# SMR



## BeeMoose (Oct 19, 2013)

Welcome to BeeSource Stephen.


----------



## Tenbears (May 15, 2012)

Welcome to besource. Do a search Of the Cleo Hogan Jr. trap out method. Great way to do just what you want.


----------



## GaryG74 (Apr 9, 2014)

Welcome to BeeSource! Agree with tenbears, Mr Hogan's trap out method works quite well.


----------



## Tigger19687 (Dec 27, 2014)

Welcome !!


----------



## AmericasBeekeeper (Jan 24, 2010)

Welcome Stephen!


----------



## Phoebee (Jan 29, 2014)

Welcome, Stephen. That introduction sounds a little bit like the ones they do at "12-step" meetings. Be advised, if you are not already addicted to beekeeping, you soon will be.


----------



## biggraham610 (Jun 26, 2013)

Welcome to Beesource Stephen. G


----------



## bbruff22 (Dec 24, 2013)

Welcome SMR! I have a visit to your country on my bucket list.


----------



## Cleo C. Hogan Jr (Feb 27, 2010)

SMR.. Send me an e-mail, [email protected] and I will send you my 12 page document on trapping bees. You can build your own trap from the info provided, and it has color photos of traps in progress. Everything you will need to know.
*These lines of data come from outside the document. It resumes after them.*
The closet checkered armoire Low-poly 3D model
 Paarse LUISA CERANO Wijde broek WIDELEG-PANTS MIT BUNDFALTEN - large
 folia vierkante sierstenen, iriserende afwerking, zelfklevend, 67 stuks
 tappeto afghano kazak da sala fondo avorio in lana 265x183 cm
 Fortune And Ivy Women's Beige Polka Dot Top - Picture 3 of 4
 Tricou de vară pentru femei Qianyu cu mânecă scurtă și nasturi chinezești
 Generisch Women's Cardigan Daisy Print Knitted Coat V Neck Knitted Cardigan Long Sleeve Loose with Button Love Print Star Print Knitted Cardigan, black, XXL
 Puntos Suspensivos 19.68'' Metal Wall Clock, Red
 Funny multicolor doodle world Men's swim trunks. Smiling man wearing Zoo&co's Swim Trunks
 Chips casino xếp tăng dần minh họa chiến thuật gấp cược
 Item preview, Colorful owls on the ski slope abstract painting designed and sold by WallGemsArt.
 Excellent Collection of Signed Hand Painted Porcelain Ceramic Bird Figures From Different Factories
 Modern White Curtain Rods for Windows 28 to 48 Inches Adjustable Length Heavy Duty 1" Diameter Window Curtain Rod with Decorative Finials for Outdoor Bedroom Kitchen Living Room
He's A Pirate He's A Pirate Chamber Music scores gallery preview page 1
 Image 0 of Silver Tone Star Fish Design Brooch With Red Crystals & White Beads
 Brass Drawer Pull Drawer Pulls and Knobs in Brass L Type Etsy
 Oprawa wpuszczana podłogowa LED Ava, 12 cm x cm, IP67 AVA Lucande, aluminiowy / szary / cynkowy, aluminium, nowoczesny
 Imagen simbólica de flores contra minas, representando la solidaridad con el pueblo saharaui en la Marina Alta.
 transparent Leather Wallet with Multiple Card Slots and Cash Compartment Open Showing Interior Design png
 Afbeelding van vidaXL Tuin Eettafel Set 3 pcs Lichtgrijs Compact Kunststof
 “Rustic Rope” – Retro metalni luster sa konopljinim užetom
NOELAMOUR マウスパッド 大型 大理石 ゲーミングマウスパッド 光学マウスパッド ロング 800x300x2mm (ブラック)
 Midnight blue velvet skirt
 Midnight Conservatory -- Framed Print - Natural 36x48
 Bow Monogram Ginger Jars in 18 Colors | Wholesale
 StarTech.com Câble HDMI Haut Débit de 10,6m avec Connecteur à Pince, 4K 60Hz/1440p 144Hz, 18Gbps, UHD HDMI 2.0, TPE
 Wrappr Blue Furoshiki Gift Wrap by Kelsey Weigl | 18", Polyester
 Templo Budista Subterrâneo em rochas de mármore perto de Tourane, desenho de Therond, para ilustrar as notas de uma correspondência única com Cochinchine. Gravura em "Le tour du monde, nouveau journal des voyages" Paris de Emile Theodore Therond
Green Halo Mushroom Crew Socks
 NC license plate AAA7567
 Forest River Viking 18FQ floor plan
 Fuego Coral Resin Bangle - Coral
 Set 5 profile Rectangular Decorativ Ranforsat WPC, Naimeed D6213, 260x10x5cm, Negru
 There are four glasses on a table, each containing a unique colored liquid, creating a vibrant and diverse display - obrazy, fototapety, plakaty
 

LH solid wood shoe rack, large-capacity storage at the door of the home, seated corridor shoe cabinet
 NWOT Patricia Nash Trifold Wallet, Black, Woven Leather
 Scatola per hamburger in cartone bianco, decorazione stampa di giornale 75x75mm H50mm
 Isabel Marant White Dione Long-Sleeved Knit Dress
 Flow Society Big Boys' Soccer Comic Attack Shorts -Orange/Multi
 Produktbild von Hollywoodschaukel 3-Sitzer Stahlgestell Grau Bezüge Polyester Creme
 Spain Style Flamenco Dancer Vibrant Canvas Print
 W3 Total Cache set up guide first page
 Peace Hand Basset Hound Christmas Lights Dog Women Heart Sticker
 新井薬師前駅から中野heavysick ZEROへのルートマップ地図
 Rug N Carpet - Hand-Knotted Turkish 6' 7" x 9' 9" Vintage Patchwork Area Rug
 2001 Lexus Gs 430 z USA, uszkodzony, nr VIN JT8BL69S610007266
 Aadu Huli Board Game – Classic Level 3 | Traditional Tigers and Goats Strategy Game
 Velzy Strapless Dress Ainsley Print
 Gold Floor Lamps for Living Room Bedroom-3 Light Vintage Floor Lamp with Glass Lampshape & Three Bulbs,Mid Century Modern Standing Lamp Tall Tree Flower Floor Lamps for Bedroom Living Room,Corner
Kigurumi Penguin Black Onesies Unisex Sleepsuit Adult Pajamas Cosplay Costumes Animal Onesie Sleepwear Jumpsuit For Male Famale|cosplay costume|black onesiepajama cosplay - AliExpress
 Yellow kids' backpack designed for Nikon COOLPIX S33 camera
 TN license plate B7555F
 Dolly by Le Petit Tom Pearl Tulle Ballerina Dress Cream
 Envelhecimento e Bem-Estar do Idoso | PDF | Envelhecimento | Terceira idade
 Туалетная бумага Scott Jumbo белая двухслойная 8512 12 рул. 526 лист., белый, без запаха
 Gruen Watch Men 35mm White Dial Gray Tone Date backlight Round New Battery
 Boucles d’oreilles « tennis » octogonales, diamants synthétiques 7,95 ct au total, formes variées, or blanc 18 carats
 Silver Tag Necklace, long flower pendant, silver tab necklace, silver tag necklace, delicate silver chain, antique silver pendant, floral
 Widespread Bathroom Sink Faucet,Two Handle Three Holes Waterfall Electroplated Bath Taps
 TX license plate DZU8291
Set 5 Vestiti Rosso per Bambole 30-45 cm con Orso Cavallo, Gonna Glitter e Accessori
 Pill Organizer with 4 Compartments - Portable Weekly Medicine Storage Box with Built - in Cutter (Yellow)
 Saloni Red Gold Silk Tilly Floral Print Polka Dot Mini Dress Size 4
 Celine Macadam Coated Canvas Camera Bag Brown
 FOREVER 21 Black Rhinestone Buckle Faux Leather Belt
It is all "free", and no salesman will call.

cchoganjr


----------



## smr (Sep 9, 2015)

It is what it is , phoebee
I am hoping to get back into beekeeping 
Thanks


----------



## biggraham610 (Jun 26, 2013)

We all wish you the best smr. G


----------



## Phoebee (Jan 29, 2014)

smr said:


> It is what it is , phoebee
> I am hoping to get back into beekeeping
> Thanks


smr, a 12-step organization is one of those groups that treats addiction by having members stand up before the group and discuss their problem and progress. Alcoholics Anonymous is the originator of the idea. There probably should be a Beekeepers' Anonymous, as it is clearly an addictive passtime.


----------